The spectrum of works on exhibit from 30 years of her career ranges from early objects on first-time public display and experimental films from the early 1980s to some of her best-known works and to recent expansive video installations, thus providing a unique insight into Pipilotti Rist’s fanciful universe of moving (in the double meaning of the word) images. Aside from being a reflection of, and on, today's media reality, they are fascinating above all because of their impressive sensuality. Equally engaging the visual, tactile, and aural senses, Rist’s videos do not only activate body awareness, but also encourage looking at the world through different eyes and challenging accustomed views.

Already in her videos from the late 1980s and early ’90s like I’m Not the Girl Who Misses Much (1986), which refer back to music video aesthetics, Rist seeks to break away from the dominant visual regime that becomes apparent mostly in the context of media-promulgated images of femininity. Deliberately introduced disturbances of the image attack the slick perfection of media images while also giving the videos their dream-like character. Another piece like a dream sequence is Rist’s famous video work Ever Is Over All (1997), in which a woman jauntily walks down a sidewalk smashing in several windows of parked cars with a flower-shaped metal rod. Similar breaches of seeming normalcy which may prompt a reconsideration of social role images of femininity also characterize her previously rarely shown videos Anja erweitert ihren Horizont (Anja Broadening Her Horizon, 1995) and Pamela (1997).

The nude female body as a crystallization point of cultural and social taboo is in the focus of pieces like Pimple Porn (1992) and Blood Room (1993/98), in which body and skin reveal themselves as projection surfaces of both organic and emotional inner life, suggesting a fresh look on viewers’ own corporeality.

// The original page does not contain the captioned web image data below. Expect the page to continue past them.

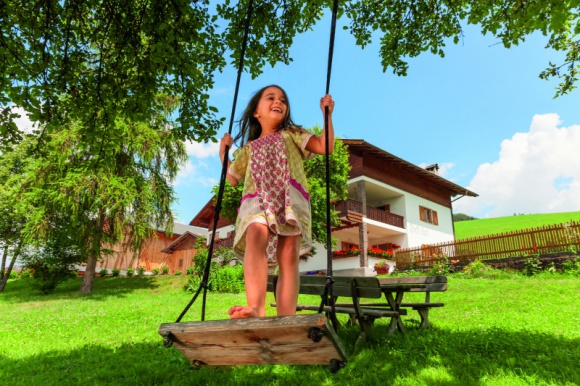 Wakacje na farmach Roter Hahn - W kontakcie z naturą Podróże, LIFESTYLE - Błękitne niebo, zielone łąki, roślinność w sadach i ogrodach, kolorowe kwiaty poruszane rześkim górskim wiatrem – wszystko to zachęca by pobyć na świeżym powietrzu. Urlop w Południowym Tyrolu, na farmie Roter Hahn, to wiele możliwości wypoczynku dla całej rodziny.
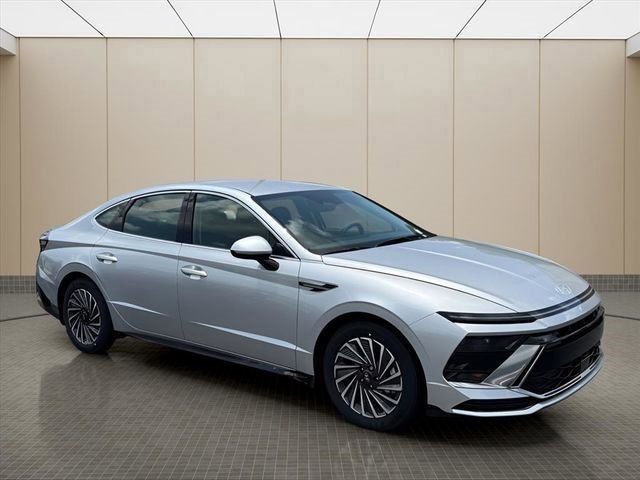 Certified 2025 Hyundai Sonata SEL FWD image 2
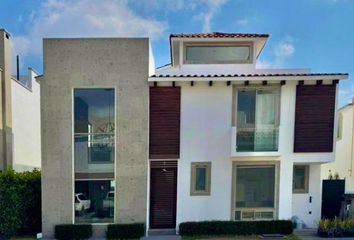 Casa en fraccionamiento en  Metepec Centro, Metepec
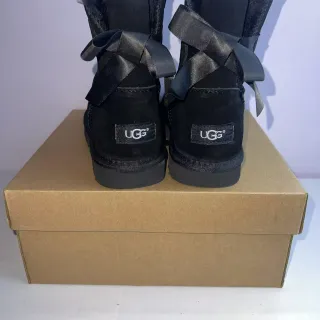UGG क्लासिक मिनी बाउ ब्लैक सुड एंक्ल बूट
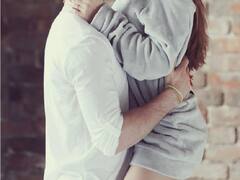 Couple Arrested: ऐतिहासिक स्थल पर कपल को संबंध बनाना पड़ा भारी, लोगों की नाराजगी के बाद पुलिस ने लिया एक्शन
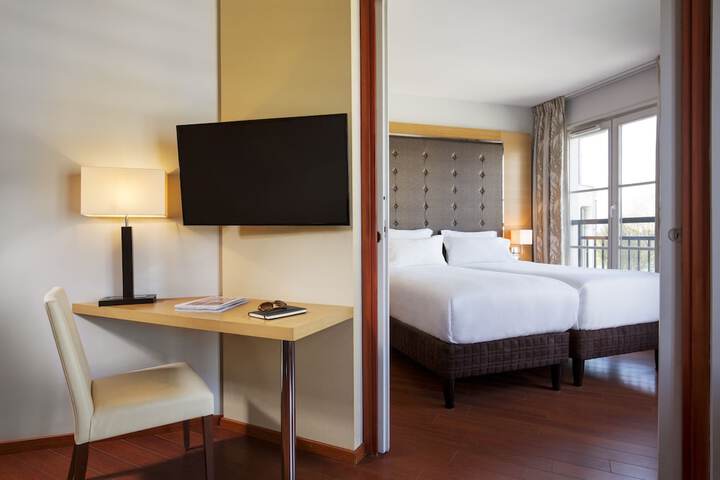 Room 32 of 64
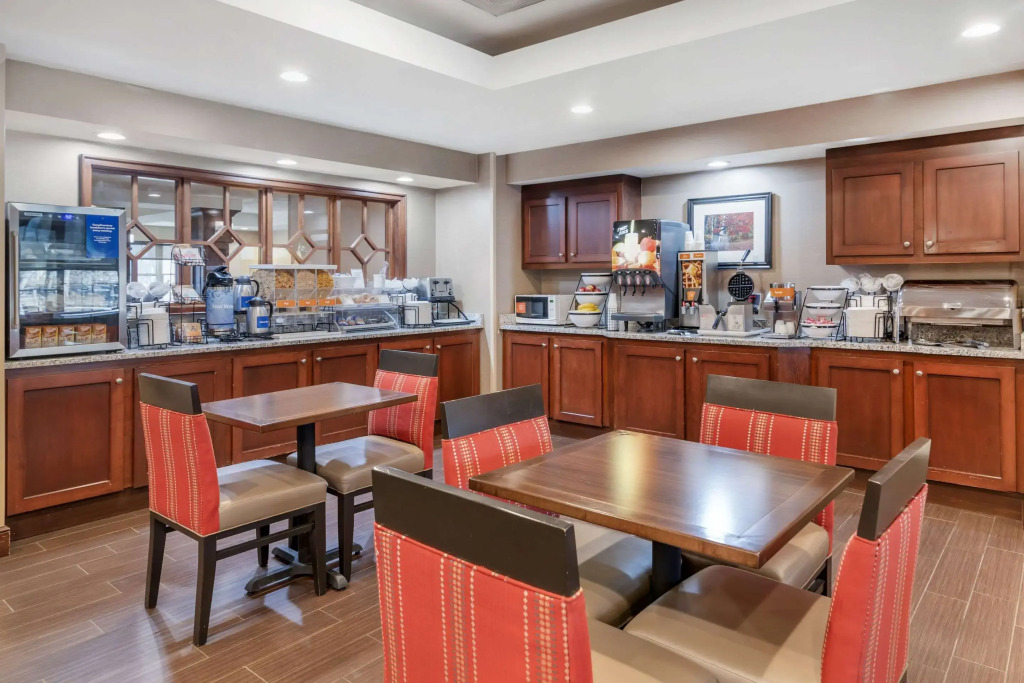 Comfort Inn & Suites Dover-Portsmouth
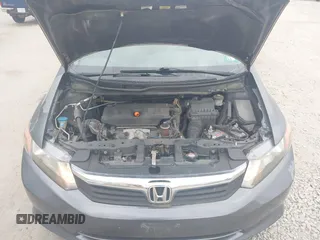 2012 Honda Civic LX z VIN 2HGFB2F58CH590369, wystawiony jako IAAI lot #42402397 z przebiegiem 202 116 mil mil oraz . Historia ofert i sprzedaży dostępna na DreamBid. Obrazek 10.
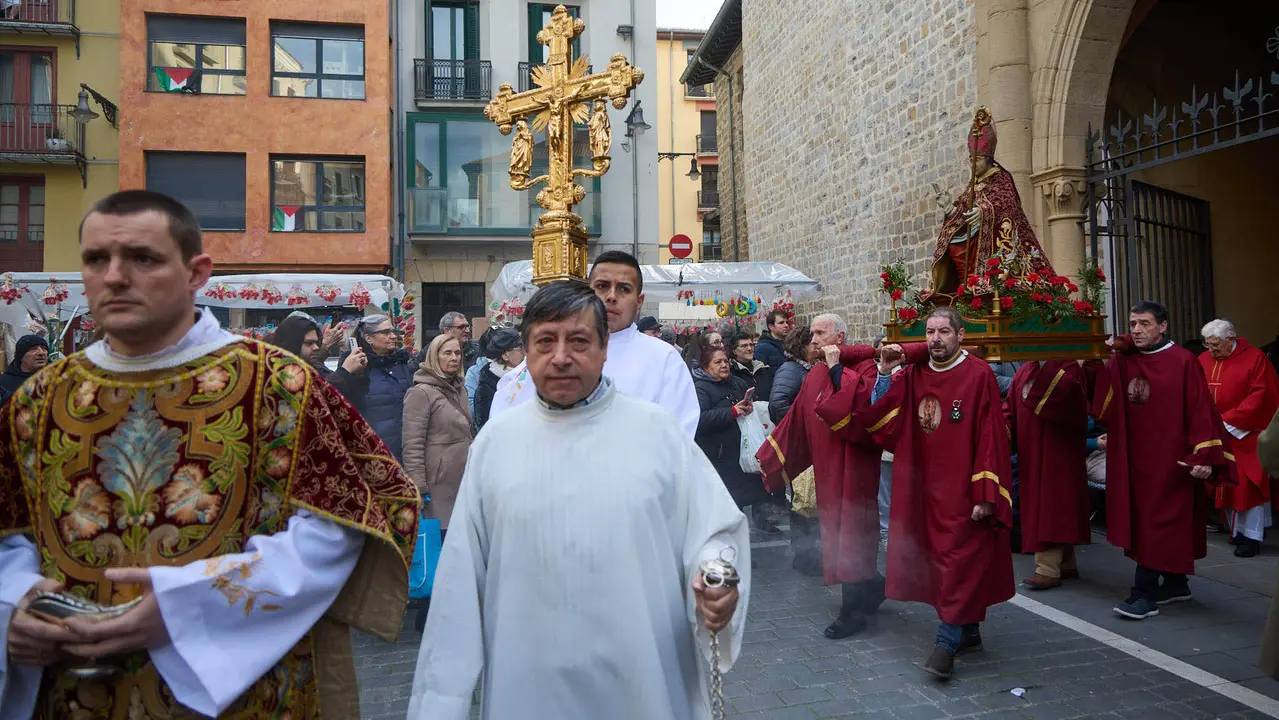 Procesi&oacute;n y misa por la festividad de San Blas en la iglesia de San Nicol&aacute;s de Pamplona. I&Ntilde;IGO ALZUGARAY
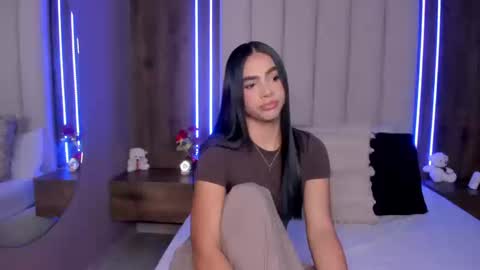 Lucy online show from 13, 3, 2026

Rist’s audiovisual installations—such as, for example, Sip My Ocean (1996), Homo Sapiens Sapiens (2005) oder Tyngdkraft, var min vän (Gravity, Be My Friend, 2007)—also prompt the conscious activation of one's personal body awareness. They undercut the detachment of the viewing position and translate it into a dynamical bodily sensation or action in space by inviting viewers to walk across an image projected onto the floor or to watch the videos lying down, by making them projection surfaces of Rist’s enthralling fantasy worlds or creating an environment that the artist completely immerses viewers in.

Rist’s artistic strategy of creating pictorial spaces that viewers can actually step into, combined with the dissolution of the boundary between perception and imagination that is immanent in her videos, also shows in her object-based space installations. Like her “Krems Living Room” which she designed especially for the Kunsthalle exhibition, these define enterable furnished living spaces where filmic projections float above and across the furniture like daydreams, with real and fictitious spaces flowing into one another.

Whether it is these installations conceived as “community spaces” and characterized by the mutual pervasion of everyday situation and virtual image, or her early single-channel videos, Pipilotti Rist’s works always indicate a reflection on the medium of the image, its potency and increasing dissemination in today’s media culture, however, without ever neglecting pleasure, enjoyment, and personal body awareness in contemplating it. As can be gleaned from the about forty object and video pieces from all of the artist’s creative phases that are presented in the Kunsthalle exhibition, it is this unique synthesis that Rist seeks to achieve so as to “find new ways of shaping the world, the exterior as well as the interior world” (Pipilotti Rist).